As for the delta, I agree with you on the controls being above the lathe, probably not the safest or convenient.


----------



## OSU55

I know how $ can burn a hole in a youngsters pocket, but have you tried to do anything to help your current lathe? Like put a higher quality belt on it? Are your tools sharp? I have the 34706 HF lathe. No slip problems after replacing the belt with one from the auto store, and tho some claim it is under powered, I have not found that to be true. Sure i can stop it in its tracks with an over aggressive cut, one that borders on unsafe. A liitle maintenance may be allyou need.


----------



## mattharper

The belt seems fine, and I use a Rikon slow speed grinder to keep my tools sharp. I don't blame the lathe, I recently rough turned a piece of live oak that was 10", the maximum diameter for the lathe, and it worked fine. It just takes longer to rough out bowls because I have to take light cuts, and it is scary with the slowest speed being 750 rpm. But after having it for a year, certain things make me want a newer lathe every time I use it, like having to unscrew an allen screw to loosen the lever to change belts, and having to reach over and behind the whole lathe while my face mask bumps into wall behind it. The tail stock has way too much slop, and the centers don't line up, which means the pens I make are ovular and not round. I don't blame the lathe, I've just outgrown it.


----------



## Shady Acres Woodshop

Well, I guess I would suggest looking for a suitable used lathe. I have one from the 50-60's and it's still working great! You can get a great lathe and still have money for accessories. Just watch Craigslist or any other places that deal in used tools. You may be glad you did!


----------



## mattharper

thanks Madrona, I have been watching craigslist for over a year, and sometimes have seen a good lathe. However, being 15, I need to wait for the weekend when my mom or dad can take me and by then it is already sold. I originally thought I wanted a big lathe, but after much thought decided a good midi lathe would be better because I have never needed a longer bed, and really don't have room for it.


----------



## wormil

Our woodworking club has a bunch of the Comet II's and complain about them constantly.
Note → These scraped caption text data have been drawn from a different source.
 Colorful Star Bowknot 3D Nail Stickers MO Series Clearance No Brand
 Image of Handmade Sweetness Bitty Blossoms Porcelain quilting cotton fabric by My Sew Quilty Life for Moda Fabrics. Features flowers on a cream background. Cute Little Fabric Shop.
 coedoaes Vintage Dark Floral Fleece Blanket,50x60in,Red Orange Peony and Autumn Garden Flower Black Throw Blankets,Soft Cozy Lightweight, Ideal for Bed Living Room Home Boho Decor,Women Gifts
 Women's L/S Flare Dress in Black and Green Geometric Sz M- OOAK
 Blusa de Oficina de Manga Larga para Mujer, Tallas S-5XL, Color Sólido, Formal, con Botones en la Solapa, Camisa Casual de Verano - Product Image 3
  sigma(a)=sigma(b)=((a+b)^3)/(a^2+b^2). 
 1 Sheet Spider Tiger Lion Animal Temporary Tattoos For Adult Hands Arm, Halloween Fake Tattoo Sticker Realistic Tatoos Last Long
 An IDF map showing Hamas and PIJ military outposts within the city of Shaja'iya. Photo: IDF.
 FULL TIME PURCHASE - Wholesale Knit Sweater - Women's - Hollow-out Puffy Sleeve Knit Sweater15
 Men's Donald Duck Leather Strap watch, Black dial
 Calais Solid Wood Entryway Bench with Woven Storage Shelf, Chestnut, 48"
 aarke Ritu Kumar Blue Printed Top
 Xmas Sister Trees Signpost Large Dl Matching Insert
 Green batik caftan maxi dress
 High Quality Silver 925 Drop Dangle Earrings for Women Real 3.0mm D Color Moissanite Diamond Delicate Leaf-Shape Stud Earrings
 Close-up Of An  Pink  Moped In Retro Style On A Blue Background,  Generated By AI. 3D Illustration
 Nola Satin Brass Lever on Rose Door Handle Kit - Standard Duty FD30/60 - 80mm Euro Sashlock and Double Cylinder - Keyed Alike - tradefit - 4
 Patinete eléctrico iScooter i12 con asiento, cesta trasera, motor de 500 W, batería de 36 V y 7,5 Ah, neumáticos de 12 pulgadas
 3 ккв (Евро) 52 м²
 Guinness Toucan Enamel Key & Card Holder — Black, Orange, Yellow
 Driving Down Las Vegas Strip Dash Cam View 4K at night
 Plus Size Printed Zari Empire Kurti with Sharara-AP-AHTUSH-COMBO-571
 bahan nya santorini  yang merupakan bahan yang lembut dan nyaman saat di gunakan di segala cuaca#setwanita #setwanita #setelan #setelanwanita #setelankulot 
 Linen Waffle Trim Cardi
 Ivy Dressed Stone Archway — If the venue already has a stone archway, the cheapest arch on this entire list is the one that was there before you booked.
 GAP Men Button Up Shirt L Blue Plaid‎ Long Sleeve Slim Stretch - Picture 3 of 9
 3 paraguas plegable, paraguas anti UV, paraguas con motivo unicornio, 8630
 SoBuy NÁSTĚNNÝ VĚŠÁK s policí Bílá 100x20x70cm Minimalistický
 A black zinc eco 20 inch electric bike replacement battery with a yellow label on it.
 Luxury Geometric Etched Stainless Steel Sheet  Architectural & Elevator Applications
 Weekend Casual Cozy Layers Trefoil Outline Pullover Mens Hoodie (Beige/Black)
Unfortunately their complaints are unspecific and sometimes don't make sense to me, maybe because I've never used that specific lathe.


----------



## mattharper

Thanks Rick, maybe those lathes are the older version? In 2013 NOVA fixed some big problems like the way the motor was mounted and the type of plastic they were using for the belt covers. If that's not it, maybe you could ask them what they don't like about them.


----------



## wormil

I'll tell you soon enough. I just bought one they retired. Haven't picked it up yet.


----------



## wormil

Matt, I've turned a couple small projects now and it's interesting. Overall I like it.

Things I don't like: 
1) Belt changes. The variable speed I built for my other lathes goes from about 250 - 3,000 rpm but the Comet lacks that range without belt changes. So far I've left it on the middle pulley because I don't like changing. 
2) Motor mount. It's awkward and clumsy to loosen or tighten for belt changes and it doesn't feel solid. 
3) Knobs in general. All the knobs require that you turn, lift, back up, let them down and turn again, lift, back up, let them down and turn… Very annoying. I might replace the lever knobs with regular star knobs.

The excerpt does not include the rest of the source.